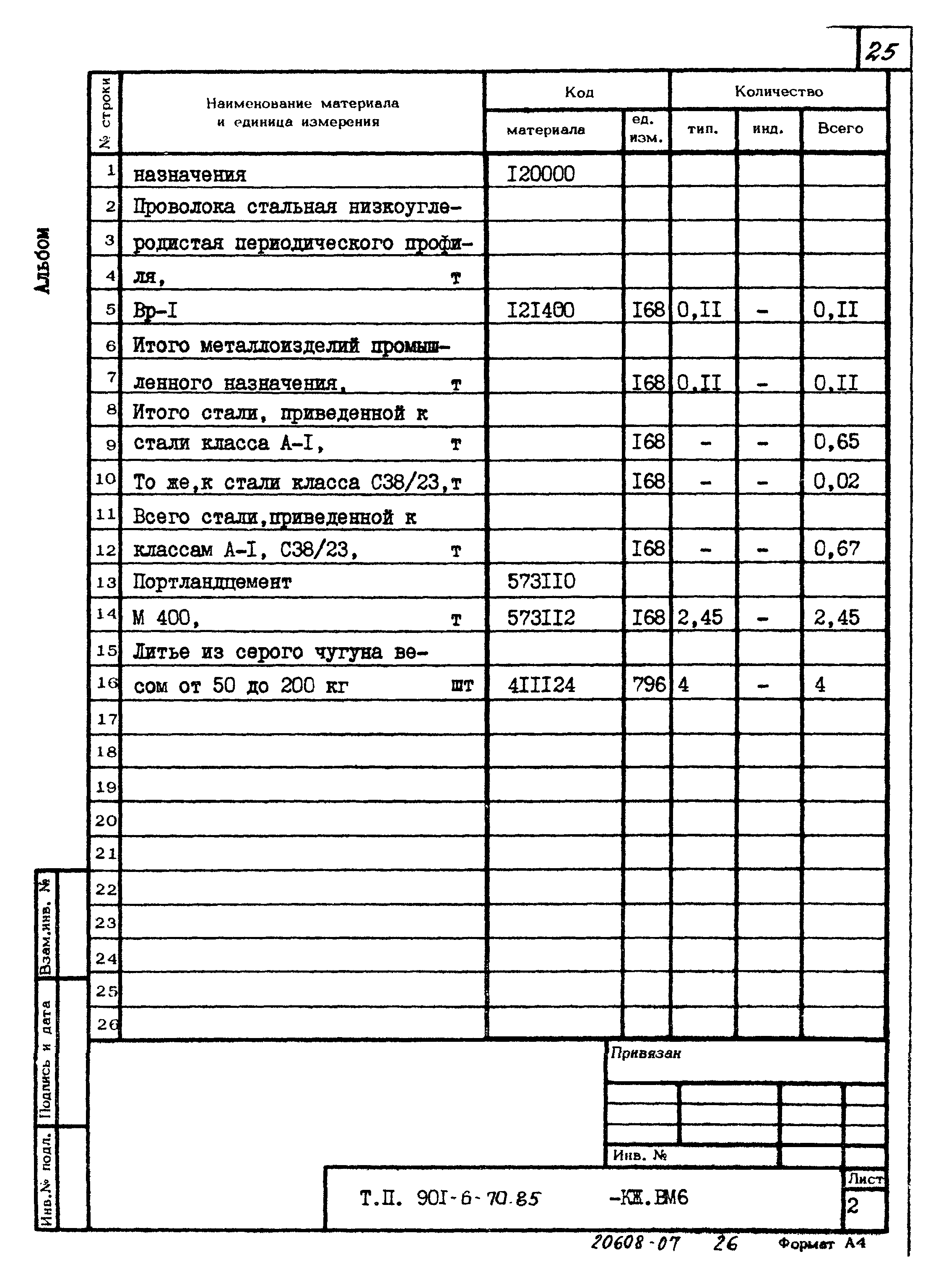 Типовой проект 901-6-70.85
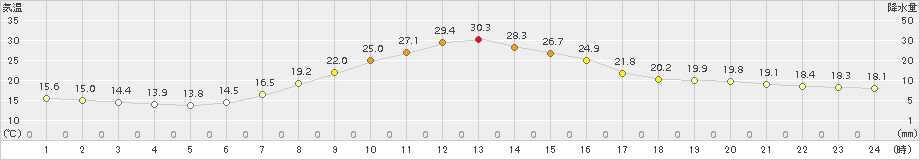 高山(>2015年05月30日)のアメダスグラフ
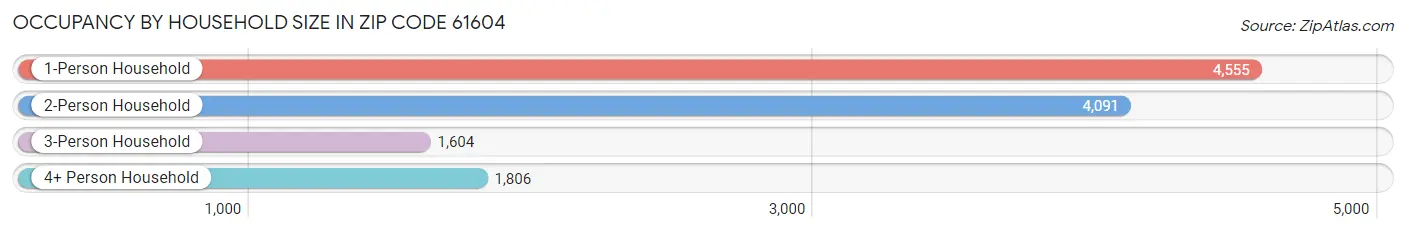 Occupancy by Household Size in Zip Code 61604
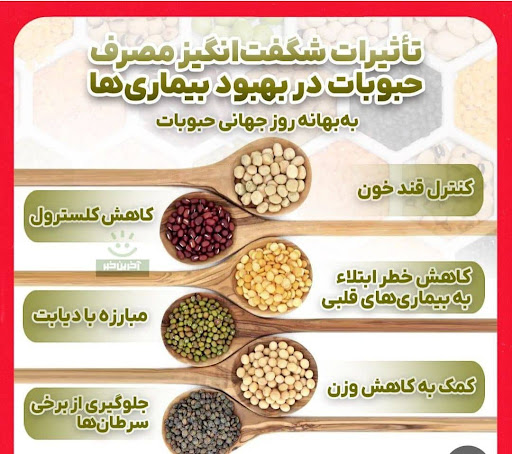 عطاری و خشکبار و آجیل کوثر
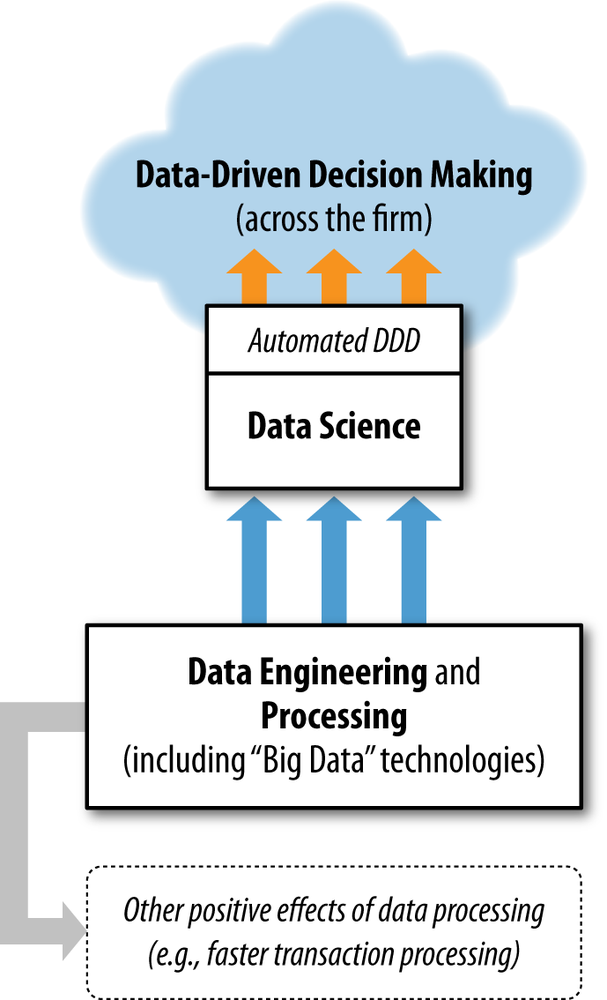 Data science in the context of various data-related processes in the organization.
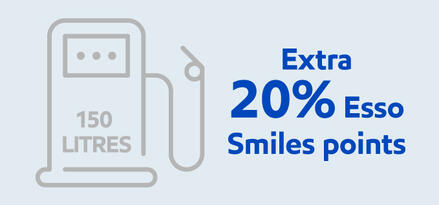 Extra 20% Esso Smiles Points banner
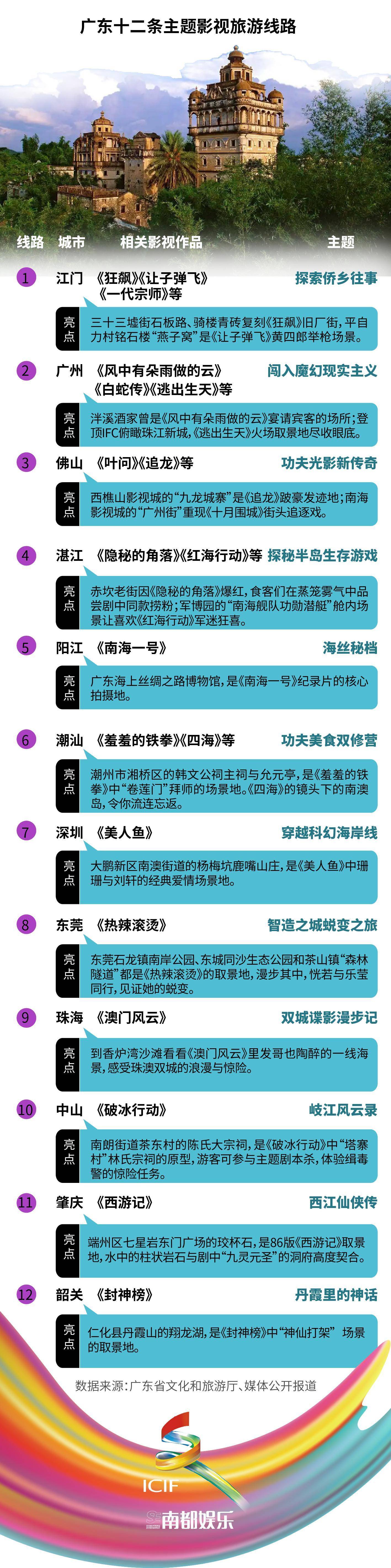 宋清辉：广东影视政策15条 体现广东影视产业发展的成熟与前瞻性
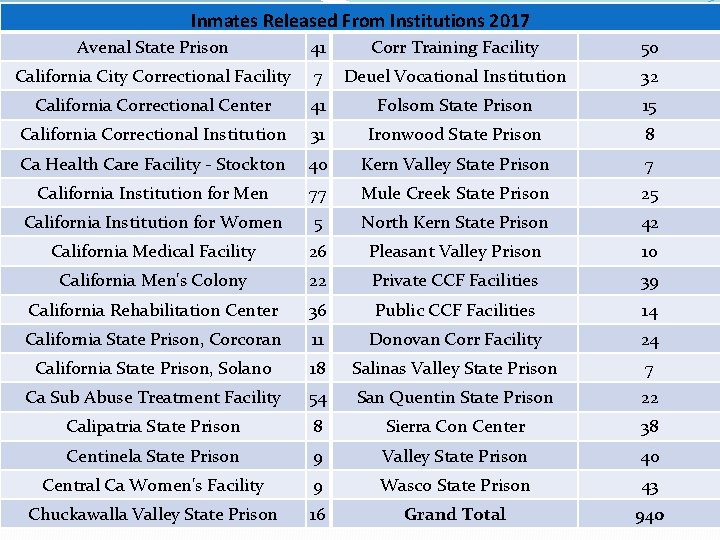 Inmates Released From Institutions 2017 Avenal State Prison 41 Corr Training Facility 50 California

------------------------------------------------------------------------

YOUR ASSIGNMENT —
Your task is to retype exactly, and only, the lines from the one that holds "عطاری و خشکبار و آجیل کوثر" through the end of the listing, both end lines included, without any pictures.

OUTPUT OF THE EXERCISE —
 عطاری و خشکبار و آجیل کوثر
 Data science in the context of various data-related processes in the organization.
 Extra 20% Esso Smiles Points banner
 宋清辉：广东影视政策15条 体现广东影视产业发展的成熟与前瞻性
 Inmates Released From Institutions 2017 Avenal State Prison 41 Corr Training Facility 50 California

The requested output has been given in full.